Pictures are not part of the copy. Write out exactly the lines from the line with "Harvey Tool 802115-C6" through the end of the entries below.

(Beginning of Source material)

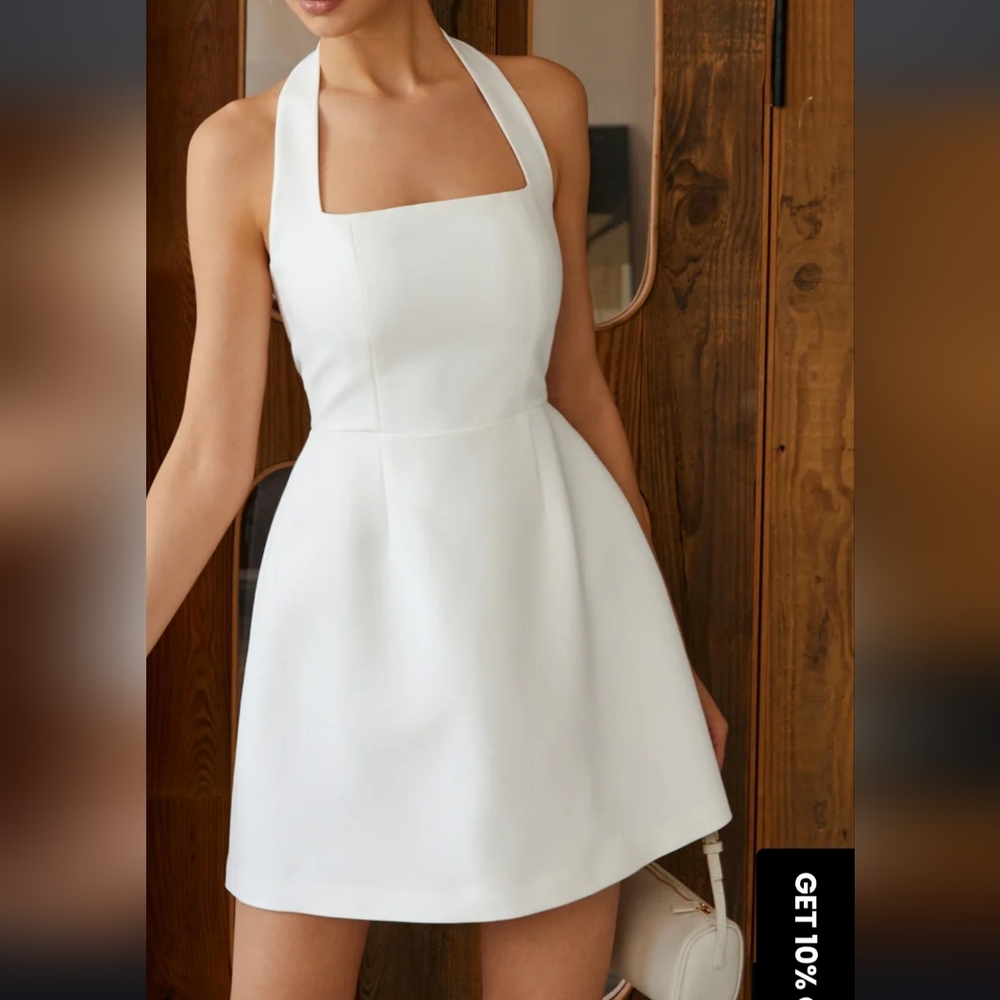 NWT- White Halter Mini Dress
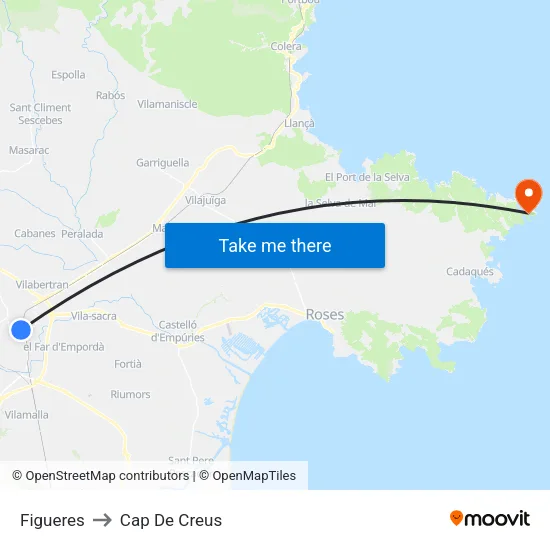 Figueres to Cap De Creus map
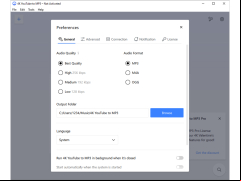 4K YouTube to MP3 Portable - preferences
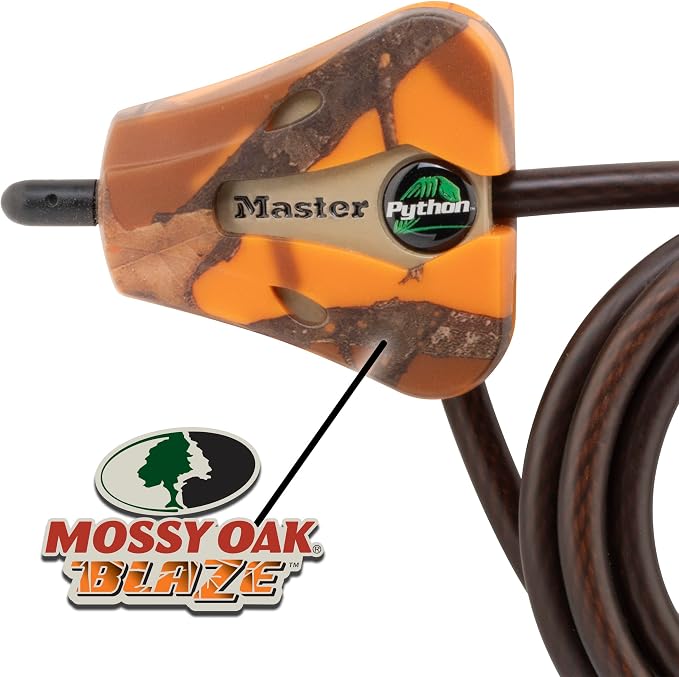 Master Lock Cable Lock, Python Adjustable Keyed Cable Lock, 6 ft. Long Cable, 2 Pack Mossy Oak Blaze Camouflage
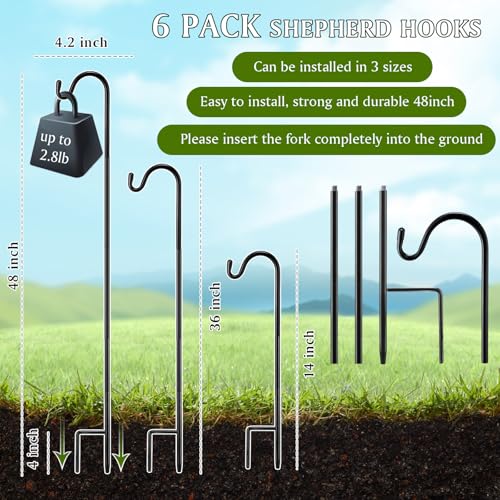 Image of 6 Pcs 48 Inch Shepherds Hook for Outdoor Adjustable Bird Feeder Pole Metal Steel Shepard Hooks for Hummingbird Stand Feeder Pole for Garden Plant, Lantern, Hanging Wedding Decor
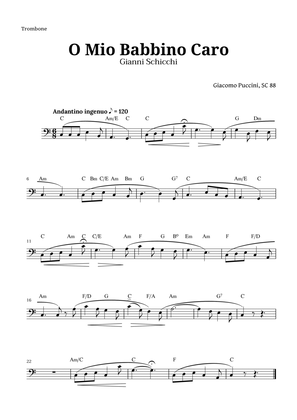 O Mio Babbino Caro by Puccini for Trombone and Chords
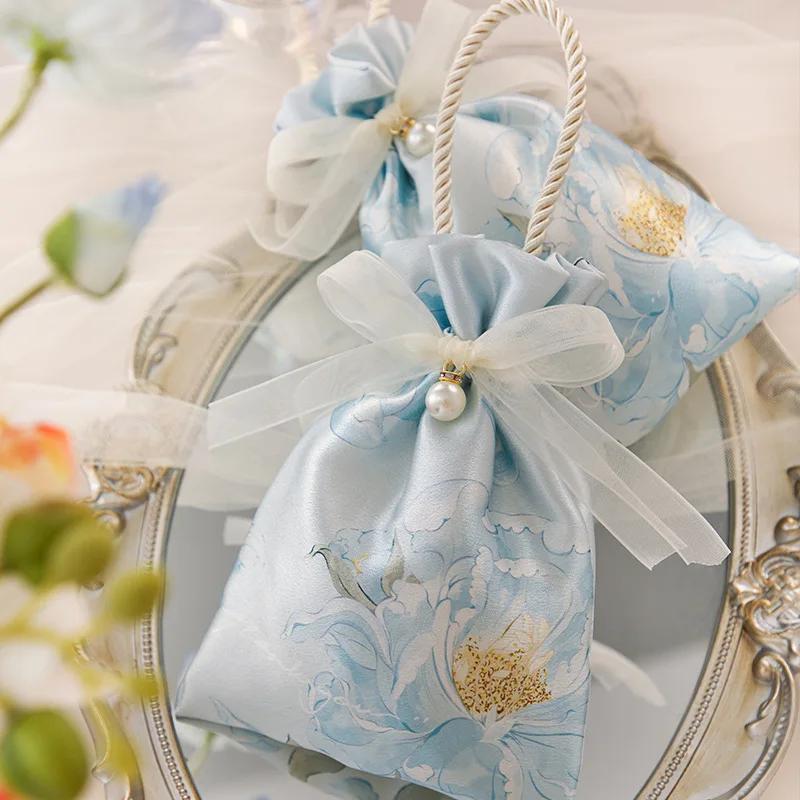 1 Stück Schöne Schleife Blume Kordelzug Geschenk Tragetasche Beutel Damen Hochzeit Feiertagsparty Süßigkeiten Schokolade Souvenir Geschenk Organizer Handtasche 13.5x15.5cm blau von Joom DACH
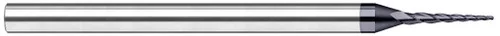 Harvey Tool 802115-C6 | 0.0150" (1/64) Cutter DIA x 0.0780" (5/64) Length of Cut Carbide Tapered Ball End Mill, 3 Flutes, AlTiN Nano Coated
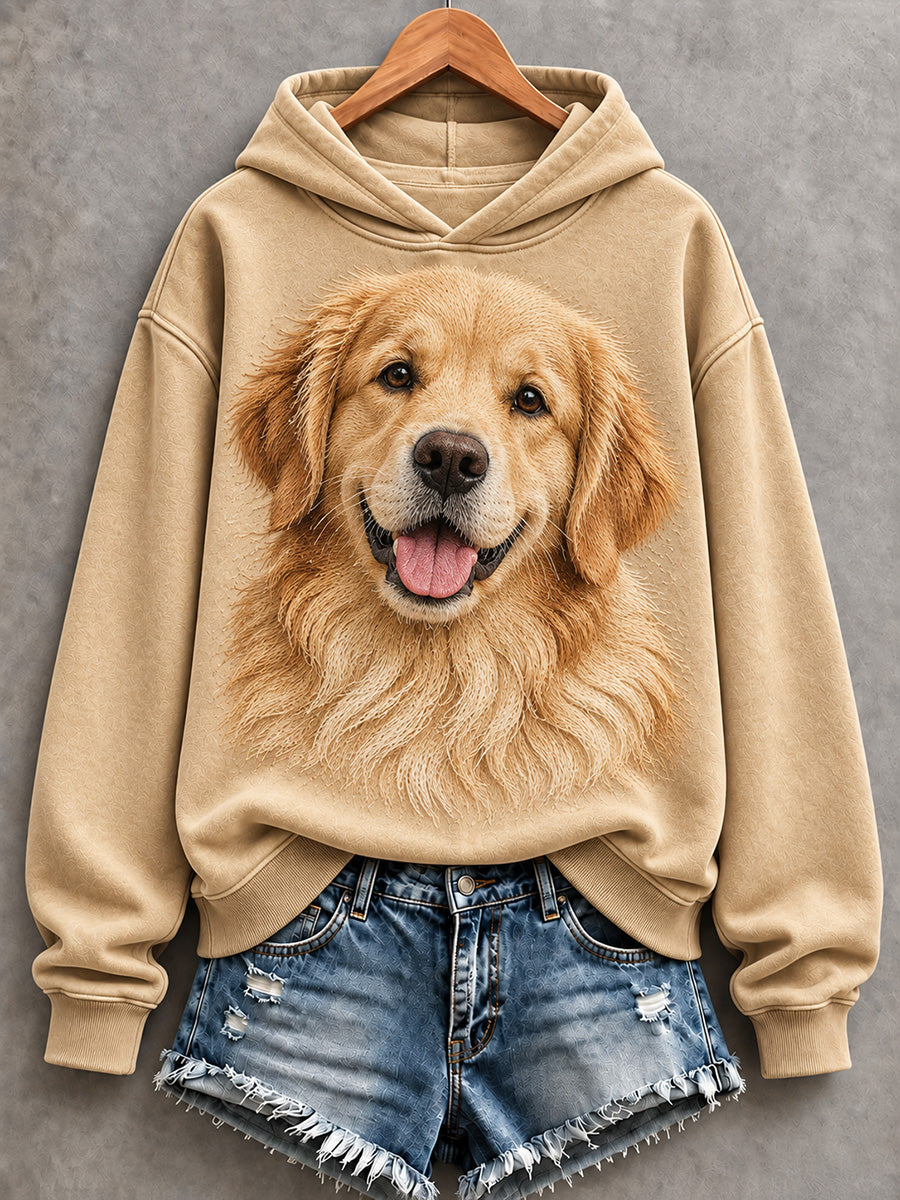 Women's Cute Golden Retriever Print Comfy Hoodie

(End of Source material)

Response box:
 Harvey Tool 802115-C6 | 0.0150" (1/64) Cutter DIA x 0.0780" (5/64) Length of Cut Carbide Tapered Ball End Mill, 3 Flutes, AlTiN Nano Coated
 Women's Cute Golden Retriever Print Comfy Hoodie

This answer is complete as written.